PROVIDED RECORDS:
================================
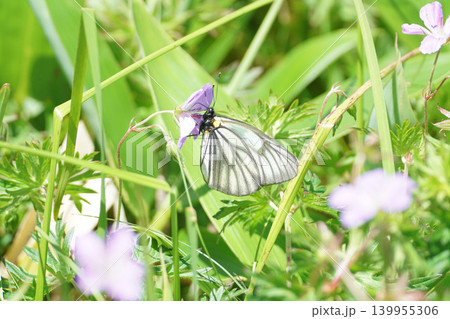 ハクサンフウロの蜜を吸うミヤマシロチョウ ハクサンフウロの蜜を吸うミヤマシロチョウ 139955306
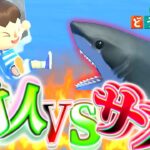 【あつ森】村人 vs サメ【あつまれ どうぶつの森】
================================
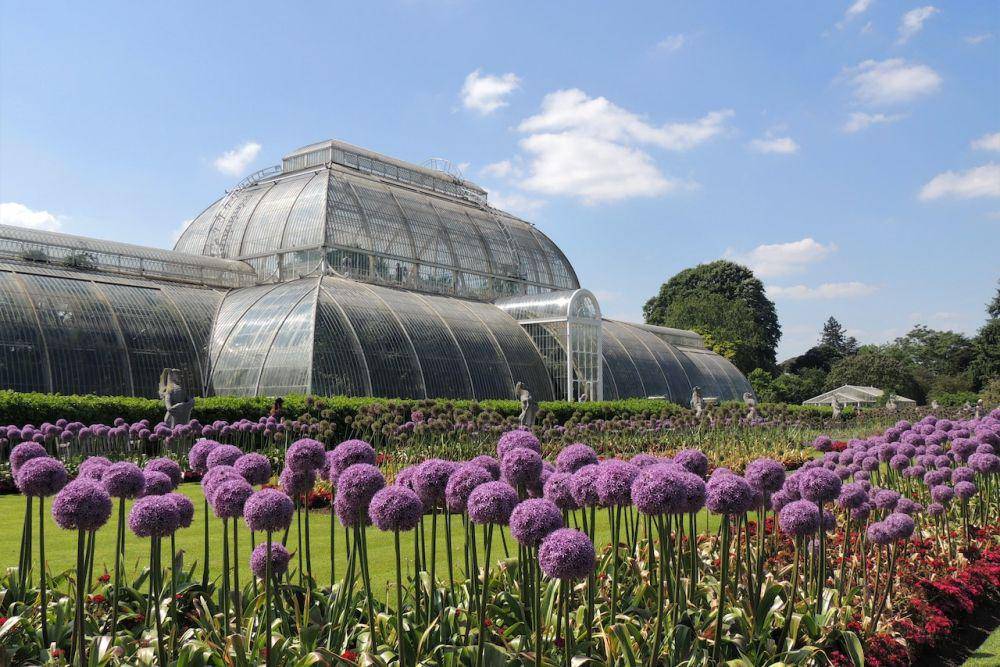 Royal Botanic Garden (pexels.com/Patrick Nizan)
================================
TASK DIRECTIONS:
Please set down, exactly and with no pictures, the lines in the entries above starting at the one holding "ハクサンフウロの蜜を吸うミヤマシロチョウ ハクサンフウロの蜜を吸うミヤマシロチョウ 139955306" and ending at the one holding "vs サメ【あつまれ どうぶつの森】", ends included.

EXERCISE RESULT:
 ハクサンフウロの蜜を吸うミヤマシロチョウ ハクサンフウロの蜜を吸うミヤマシロチョウ 139955306
 【あつ森】村人 vs サメ【あつまれ どうぶつの森】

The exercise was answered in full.